MS SharePoint Conference Day One
Syrinx is here in force at the Microsoft SharePoint Conference 2009 in Las Vegas, NV. The Mandalay Bay is packed with over 6,000 people attending the conference from all over the world. The morning was spent in a keynote with Steve Ballmer and a demo of the new SharePoint 2010 capabilities. Highlights for those that cannot be here:
- SharePoint 2010 Beta release scheduled for next month (November 2009)
- Final release sometime in H1 2010
- Windows 7 and Vista will be supported for developer platforms, and there is a developer dashboard built in that helps with profiling code. Downside: New developer tools are designed to work with 2010 only, not MOSS 2007.
- SharePoint Server is 64 bit only
- Better cloud support, allow uploading code and customizing SharePoint Online, and to mix and match cloud and “on premises” installs
- Many more SKU’s in this release, four quadrants of products based on Intranet/Internet and cloud/on premises
- Great demo’s of Access Services, Visio Services, SharePoint Workspaces (the new ‘Groove” for working disconnected), FAST Search, BCS (the new BDC – now with read/write capabilities and auto-generated CRUD operations for back-end LOB systems), PowerPivot (super Excel – handle 100M rows in one spreadsheet QUICKLY), co-editing of documents by more than one user at a time, “Insights’ the new PerformancePoint
- Scalability – 1M+ items in a list/folder, 10M+ in a document library, 100’s of millions across a farm.

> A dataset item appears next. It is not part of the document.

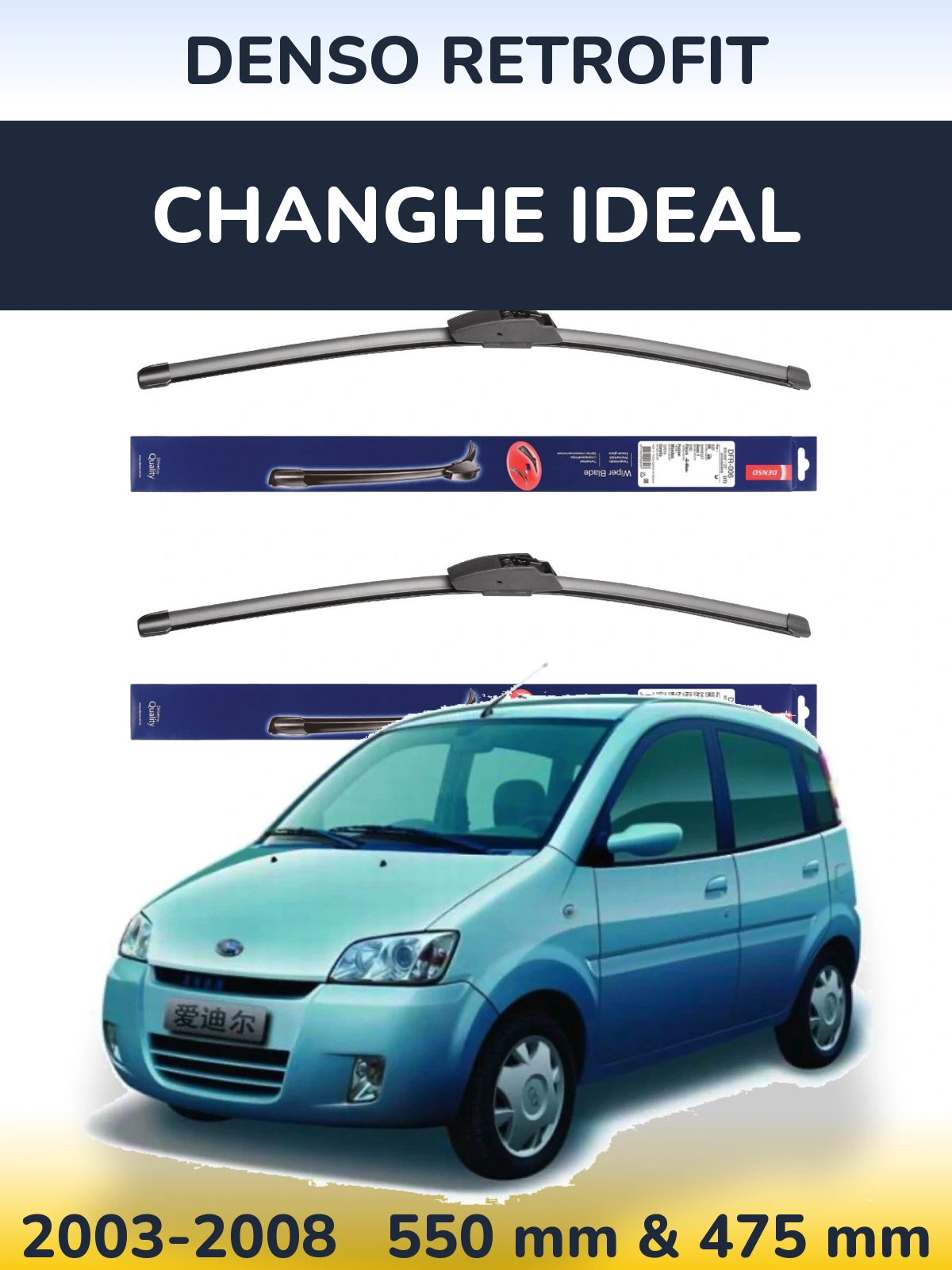 Front wiper blade set Denso Retrofit 550 & 475 mm for Changhe Ideal 2003-2008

- Better ability to create taxonomy or informal tagging to build a “folksonomy”
- PowerShell admin ability with 500+ commandlets shipped at release
- “Visual Upgrade” to run your 2007 to 2010 migration and allow users to cut over on a page by page basis as they are ready (Unanswered question – does this just apply to look and feel/chrome or does this affect web parts, etc? What don’t you see if you do not turn on the 2010 version?)
- Streaming video is supported – make your own “ShareTube” and control bandwidth, allow lookahead, etc.

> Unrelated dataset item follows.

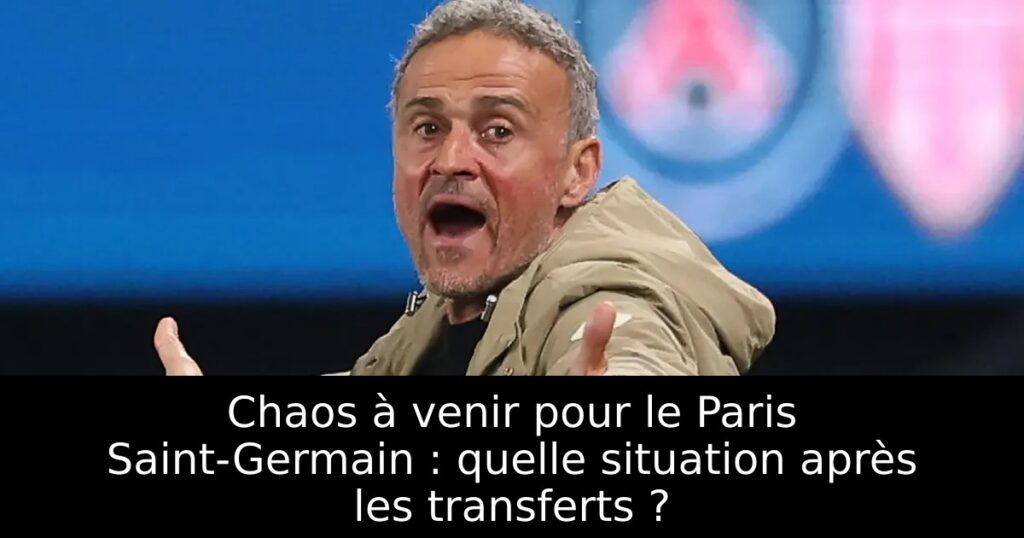 Chaos à venir pour le Paris Saint-Germain : quelle situation après les transferts ?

- Better deployment capabilities, including the ability to build a solution in SharePoint Designer and have it move to different lists/libraries, or to upsize it to be worked on in Visual Studio.

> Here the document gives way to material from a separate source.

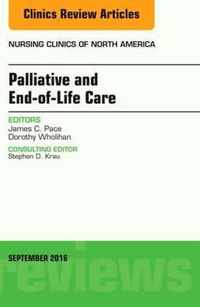 Palliative and End-of-Life Care, An Issue of Nursing Clinics of North America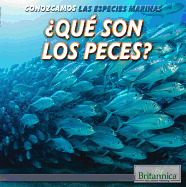 ?Qu? Son Los Peces? (What Are Fish?)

Some General SharePoint product differentiators and customer feedback were mentioned
- Customers are responding very well to a platform that allows them to solve so many needs – there really is not a competing product that does everything SharePoint does or gives you the value it does
- SharePoint is cost effective by saving money three ways – less for licensing than trying to assemble several other competing products to do the same things, less to implement as it gives you so much out of the box, less to maintain and support as you have one platform to cover the many needs and one admin/developer skill set
- Favorite first projects: Intranets, Dashboards, Project Management portals, IT Service portals, moving paper-based LOB systems online, Content Management
- Microsoft is betting on the platform in a big way. Customers are as well. Great sessions from clients Tyson Foods and Global Crossing on their early SharePoint 2010 experiences. The Office integration done by Tyson to solve real LOB issues was exceptionally impressive.